Gambling, Gods and LSD is a 2002 Canadian/Swiss experimental documentary film by Canadian film director Peter Mettler. It was shot between 1997 and 1999 in Canada, the United States, Switzerland and India, and is a "fragmented narrative"[4] that shows what people do to discover themselves and find happiness.[5][6]

The film was screened at film festivals in a number of countries across the world, including Canada, Switzerland, the United States, Germany, Italy, the Netherlands, Japan, Australia and South Africa.

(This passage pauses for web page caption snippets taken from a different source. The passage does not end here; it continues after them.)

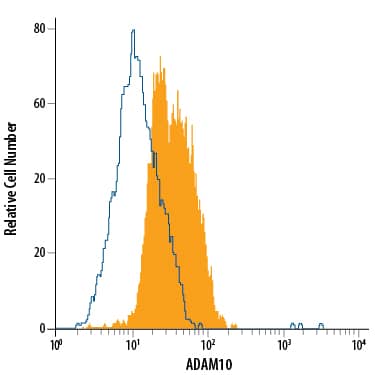 MCF-7 human breast cancer cell line was stained with Mouse Anti-Human ADAM10 Ectodomain Fluorescein-conjugated Monoclonal Antibody (Catalog # IC1427F, filled histogram) or isotype control antibody (Catalog # IC0041F, open histogram). To facilitate intracellular staining, cells were fixed with Flow Cytometry Fixation Buffer (Catalog # FC004) and permeabilized with Flow Cytometry Permeabilization/Wash Buffer I (Catalog # FC005). View our protocol for Staining Intracellular Molecules.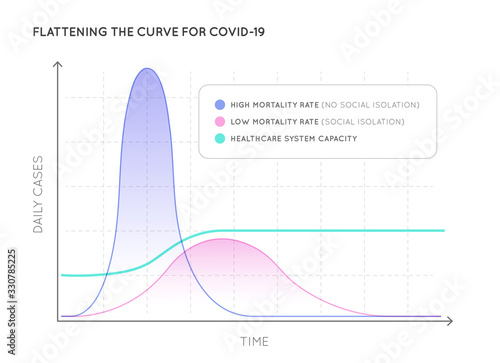 Flattening the Curve for COVID-19 (2019-nCOV) Coronavirus. Act early to stop pandemic disease.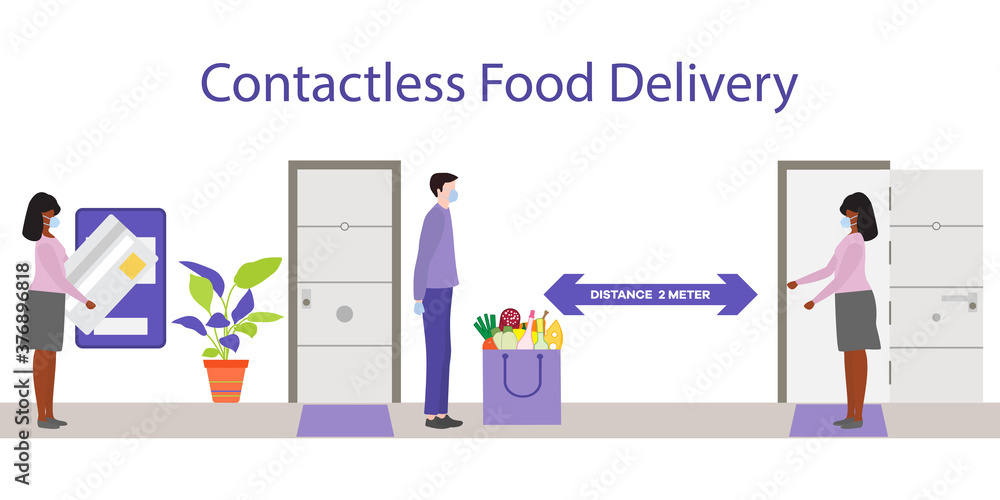 Coronavirus COVID-19 Contactless delivery People Coronavirus COVID-19 Contactless delivery People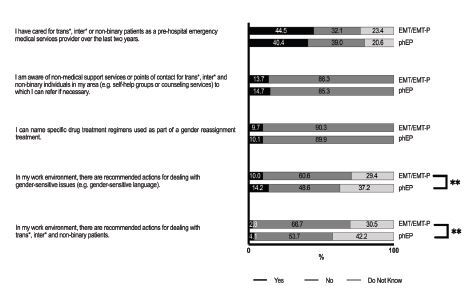 Emergency Medical Service Responders' Perspectives on Transgender, Intersexual, and Non-Binary Patients in Germany.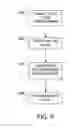 Fig. 08 - Methods and control circuitry for programming memory cells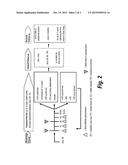 COMBINATION OF ANTI-KIR ANTIBODIES AND ANTI-PD-1 ANTIBODIES TO TREAT     CANCER diagram and image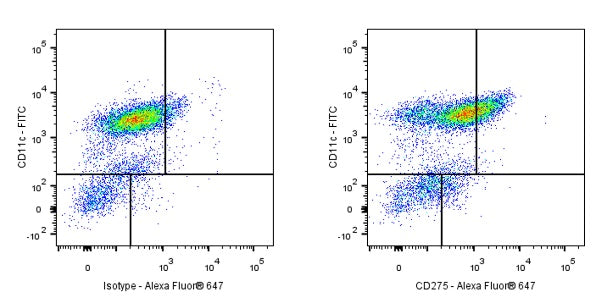 Mouse Anti-Human CD275 Antibody (S-3082)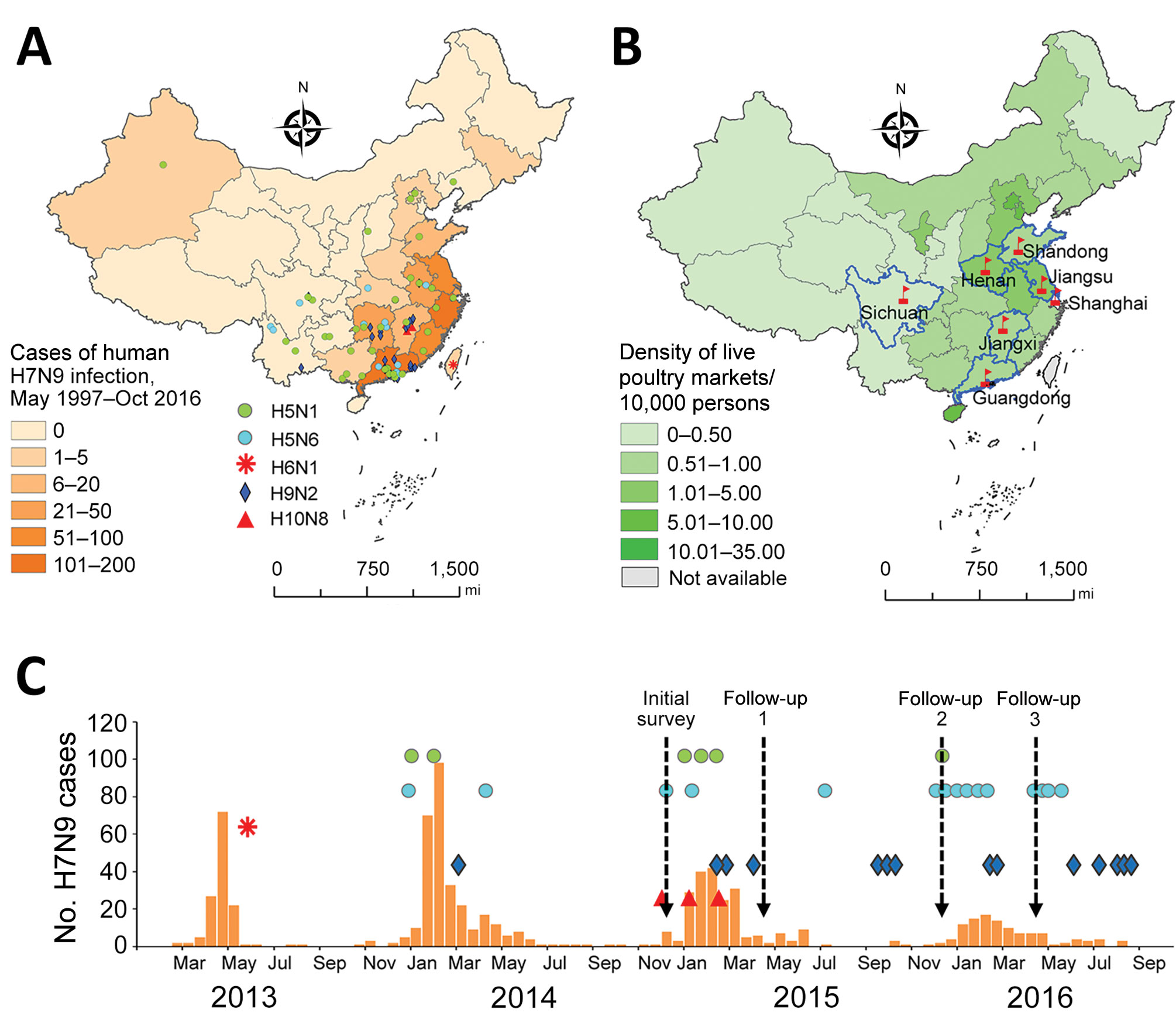Temporal and spatial distribution of human infections with avian influenza A virus subtypes before and during serosurveillance, China. A) Geographic distribution of avian influenza A(H7N9) virus infection among humans in China during May 1997–October 2016. The number of case-patients in each province is based on data published by the World Health Organization and the National Health (https://www.who.int/influenza/human_animal_interface/avian_influenza/archive/en/) and Family Planning Commission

It won several awards, including the Academy of Canadian Cinema & Television's 2003 Genie Award for "Best Documentary".[1]


Gambling, Gods and LSD is a "travel diary" that loosely documents director Peter Mettler's "introspective journey" through four countries: Canada, the United States, Switzerland and India. The film consists of four segments, each showing what people do to discover themselves and find happiness.[7]

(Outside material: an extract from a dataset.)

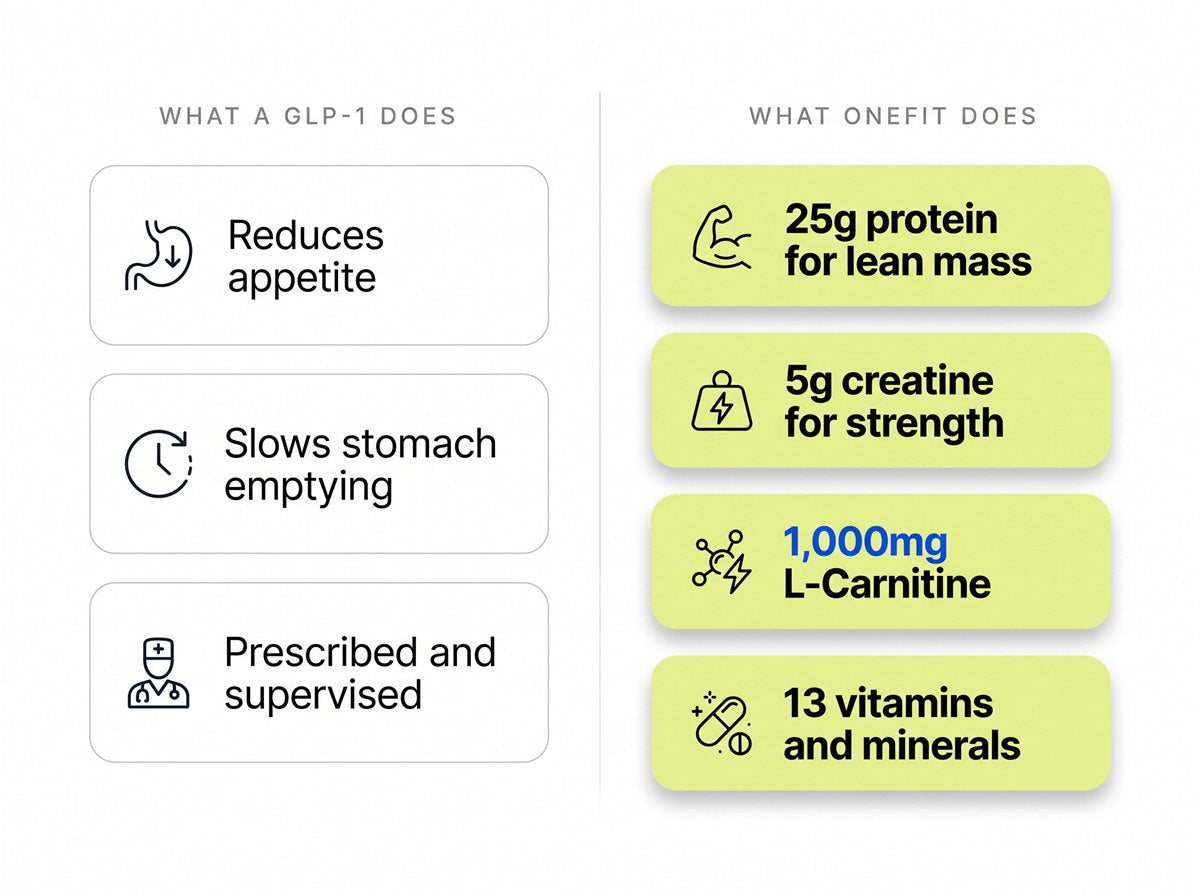 What a GLP-1 does: reduces appetite, slows stomach emptying, prescribed and supervised. What OneFit does: 25g protein for lean mass, 5g creatine for strength, 1,000mg L-Carnitine, 13 vitamins and minerals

The first segment takes place in Mettler's hometown of Toronto where he interviews John Paul Young about finding God.[8] Mettler also visits the Toronto Airport Christian Fellowship Church who chant, dance and roll on the floor of an airport hangar where they believe Jesus once visited.[7][9] In the next segment petroglyphs and snakes are observed in Monument Valley in Southwestern United States,[10] and time is spent in Las Vegas, where gamblers are scrutinized at their slot machines and poker tables. Here Mettler also interviews a sex toy salesman who promises clients a "non-chemical induced illusion of their fantasy" with his orgasmatron (sex chair) and other devices.[4][9][10]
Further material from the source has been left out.